One improvement of this model in regards to correlation over the traditional delegated identity providers like Google OpenID/OAuth, is that currently when you click "Sign in with Google" they issue a short-lived id_token which you bring with a redirect to the site where you're trying to login. Which means that every time you login, Google/Azure/etc. - the provider of the id_token knows that you have logged in to that site in that moment. When your local session with that site expires, and the next day you click again "Sign in with Google", Google knows that you've logged in there again, because they issue another short-lived id_token for you.

With VCs, they don't typically expire in a day (although they could) and once you're issued the VC, you can login/access multiple times into other sites with it and the issuer (i.e.

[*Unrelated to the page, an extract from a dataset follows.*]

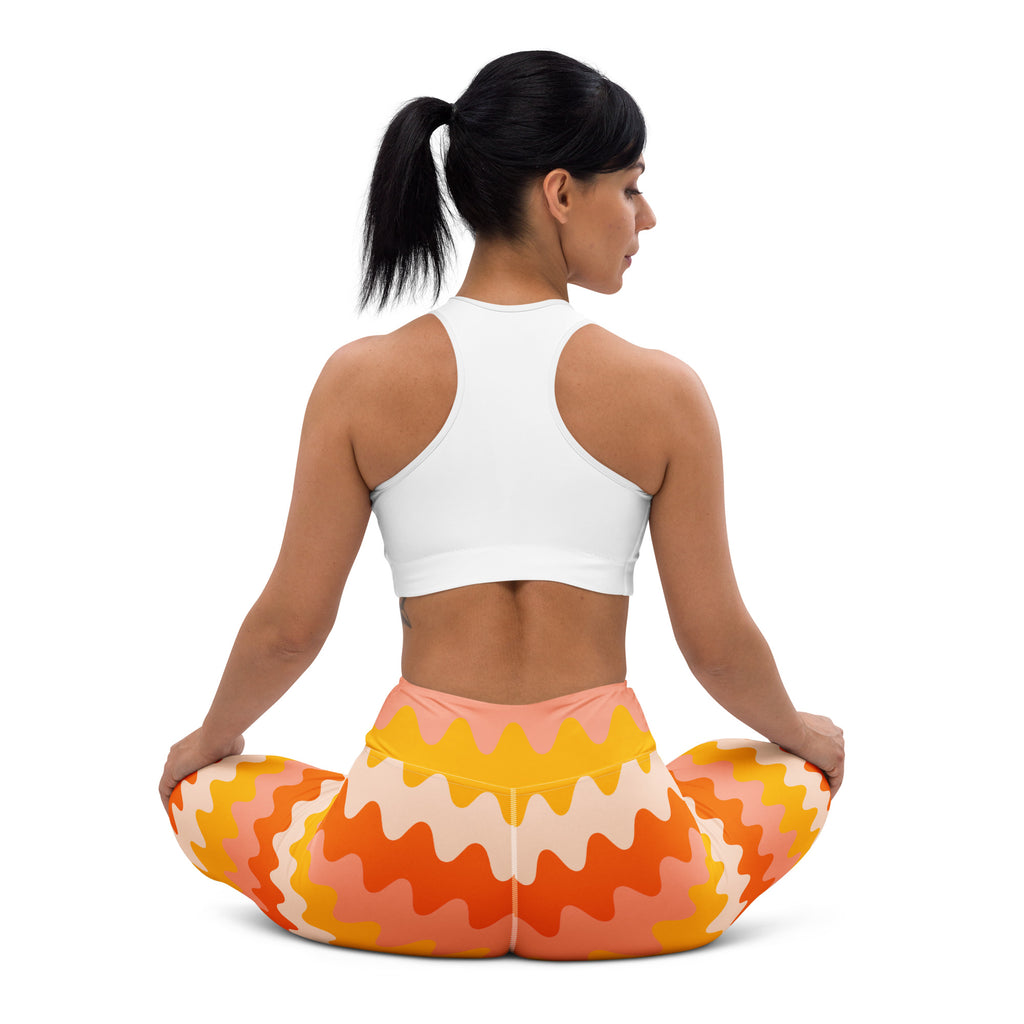 Women's Orange Wavy Stripe Buttery Soft Yoga Leggings - Quick Drying, High Waisted Comfort
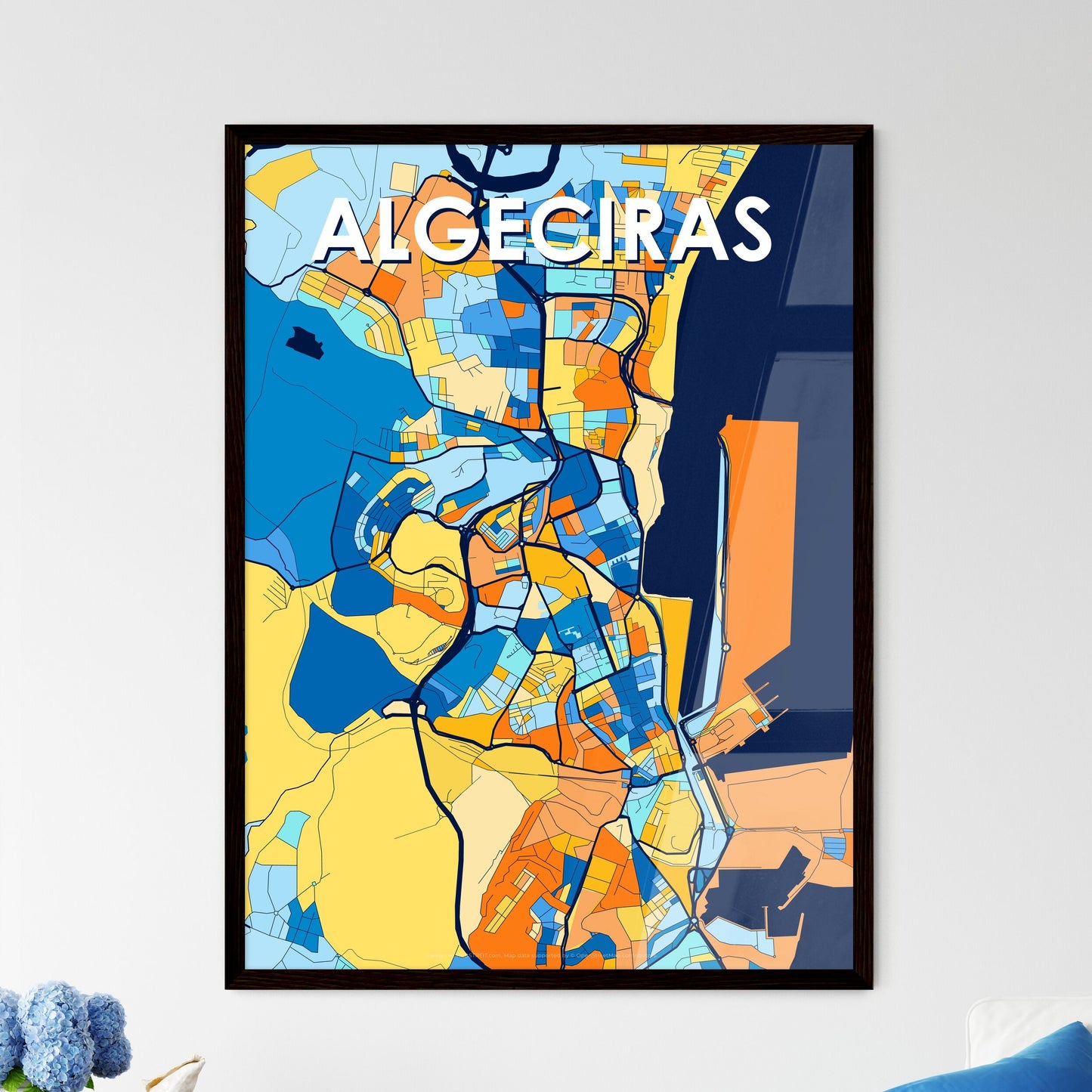 ALGECIRAS SPAIN Vibrant Colorful Art Map Poster Blue Orange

Google) will never know that you've used it there - because there's no short-lived tokens which they must generate to approve of your identity/access. It has already been approved once with a long-lived credential in your wallet.

Another useful property and more complicated use case is that you can create more DIDs which are related to the DID which was verified by a trusted issuer. Some people are working on using Zero Knowledge Proofs and in this context it might mean that you can self-issue VCs for these new DIDs and include a ZKP that you have a credential from a trusted issuer, but without revealing the actual initial credential. This way you might use different DIDs for different sites/services, which can be trusted because they carry the ZKP that you're a real person, citizen of a particular country or whatever.

These things are all somewhat experimental, but they seem to have potential. Big players like Google are not very interested and don't push the specs/implementations forward, because decentralized technologies basically work against data aggregation and correlation, which they use heavily for monetization. I think that's another reason for the slow progress and adoption of DIDs and VCs.